Наши руководители забеспокоились о «верных коммунистах», которых будто бы оклеветали, подвергли «моральному террору» чехословацкие антисоциалисты, захватившие в свои руки средства пропаганды (можно подумать, что в Праге произошел вооруженный захват почты, телеграфа и радио). Почему-то забывают при этом отметить, что эти коммунисты сами имеют возможность публично выступить с опровержениями клеветы. Правда, оправдания, например, д-ра Урвалека, бывшего Председателя Верховного суда ЧССР, звучат неубедительно — но при чем тут антисоциалисты? Он сказал все, что хотел и что мог сказать. Понятно, почему наши руководители спешат заступиться за таких, как Урвалек или Новотный: прецедент личной ответственности партийных и государственных деятелей перед народом опасен и заразителен. А вдруг и нашим придется отчитываться в деяниях, которые стыдливо называют "ошибками", "перегибами" или еще мягче и туманнее — "пережитыми трудностями героического прошлого" (когда речь идет о миллионах несправедливо осужденных и убитых, о пытках в застенках КГБ, об объявлении врагами целых народов, о развале сельского хозяйства страны и о тому подобных мелочах.
Сегодня чехи и словаки спрашивают с Урвалека и с Новотного — а завтра, пожалуй, наш многонациональный народ задаст вопрос самому Брежневу: "А чем вы занимались до… 1953 года?" — и до выяснения этого временно отстранит его от занимаемого поста…

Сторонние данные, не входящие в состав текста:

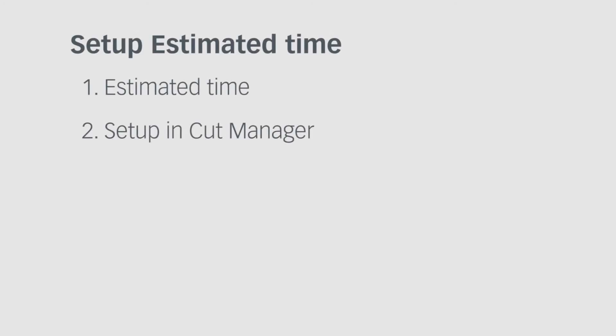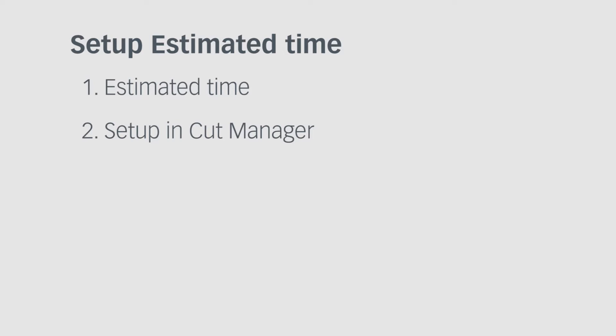This tutorial is about the setup of the estimated time in the SündCAD Center. First, I will show you the estimated time in the CAD-Q. Then, you will learn how to set it up in the CAD-Manager. And finally, you will see the result of the setup.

В Варшавском письме к КПЧ пять партий ультимативно предлагают использовать для борьбы с "антисоциалистическими" силами все средства, имеющиеся в арсенале социалистических государств. Жаль только, что братские партии не уточнили, не конкретизировали, что это за средства: Колыма? Норильск? Хунвейбины? "Открытые" суды? Политические концлагеря и тюрьмы? Или всего-навсего обыкновенная цензура, внесудебные расправы вроде увольнений со службы?

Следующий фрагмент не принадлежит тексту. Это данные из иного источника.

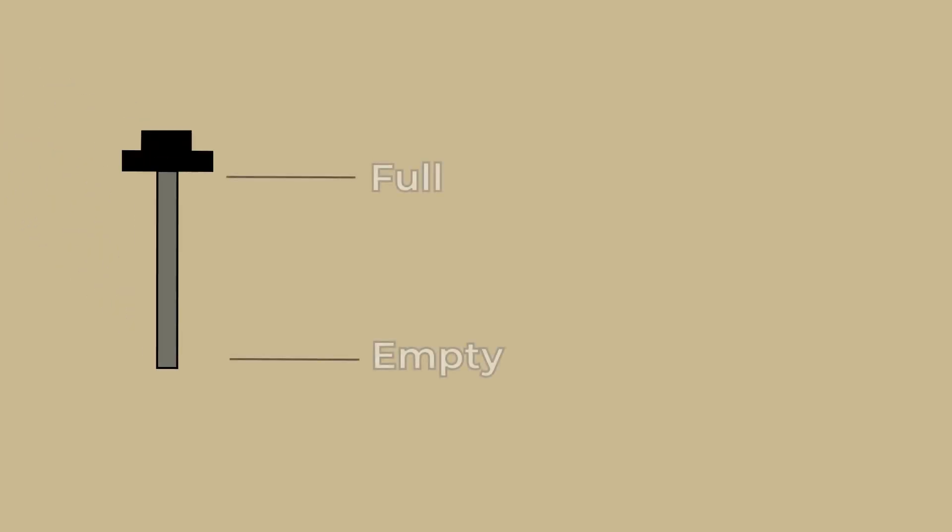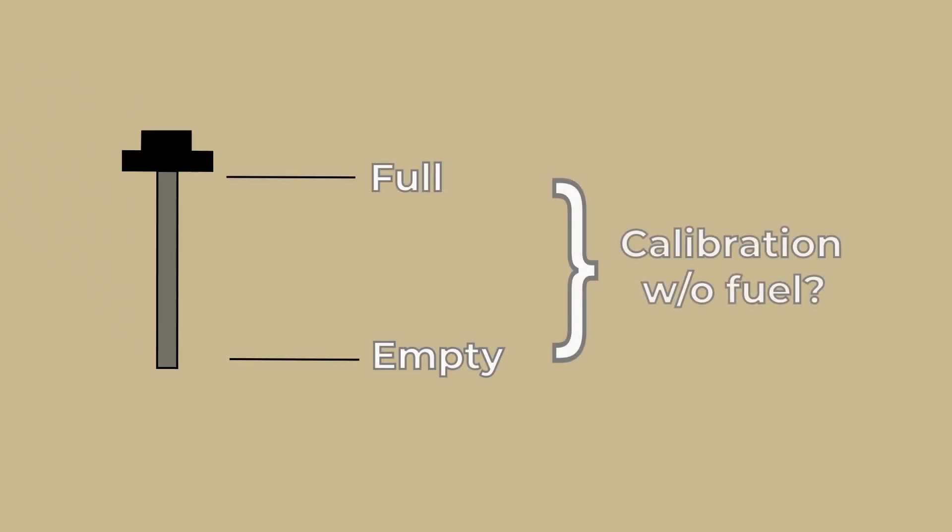Hello and welcome! In this video we will be covering the Escort sensor calibration without fuel.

И при создавшемся положения мы еще обижаемся, что в Чехословакии потребовали вывода советских войск со своей территории! Да ведь после наших заявлений и резолюций наши воинские части на территории ЧССР — это уже не войска союзного государства, а угроза суверенитету страны.
В этом своем письме я хочу не только высказать свое собственное отношение к событиям, отличающееся от "единодушной" поддержки решений Пленума ЦК КПСС. Газетная кампания последней недели вызывает у меня опасения — не является ли она подготовкой к интервенции под любым предлогом, который подвернется или будет создан искусственно.

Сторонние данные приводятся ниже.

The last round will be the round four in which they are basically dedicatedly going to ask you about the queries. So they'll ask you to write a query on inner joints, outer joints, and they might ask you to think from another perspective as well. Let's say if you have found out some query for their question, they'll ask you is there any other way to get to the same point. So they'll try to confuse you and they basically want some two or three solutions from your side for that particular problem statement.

Авторам писем, участникам митингов и собраний в поддержку политики ЦК КПСС мне хотелось бы напомнить, что все так называемые ошибки и перегибы в истории нашей страны происходили под бурные, долго не смолкающие аплодисменты, переходящие в овацию, под клики единодушного одобрения наших высокосознательных граждан. Послушание, как выяснилось, не самая ценная гражданская добродетель.
И еще мне хотелось бы напомнить о более древних исторических событиях: как доблестная русская армия, освободив народы Европы от Наполеона, столь же доблестно утопила в крови польское восстание. Тогда русский герой войны 1812 года Давыдов больше гордился своими подвигами в расправе над польскими патриотами, чем своими подвигами в Отечественной войне.
Мне стыдно за свою страну, которая снова выступает в позорной роли жандарма Европы.
Мне было бы стыдно и за мой народ, если бы я верил, что он действительно единодушно поддерживает политику ЦК КПСС и правительства по отношению к Чехословакии. Но я уверен, что на самом деле это не так, что мое письмо — не единственное, только такие письма не публикуются у нас. Единодушие наших граждан и в этом случае фикция, создаваемая искусственно, путем нарушения той самой свободы слова, которая осуществляется в ЧССР.
Но если бы я оказался даже один с этим своим мнением, я и тогда не отказался бы от него. Потому что мне его подсказала моя совесть. А совесть, по-моему, надежнее, чем постоянно испытывающая перегибы линия ЦК и чем решения различных сессий, принимаемые в соответствии с колебаниями этой генеральной линии.
Прошу вас принять мое уважение и сочувствие процессу демократизации в вашей стране.
СССР, г. Александров Владимирской обл.,
ул. Новинская, д. 27. Марченко А. Т.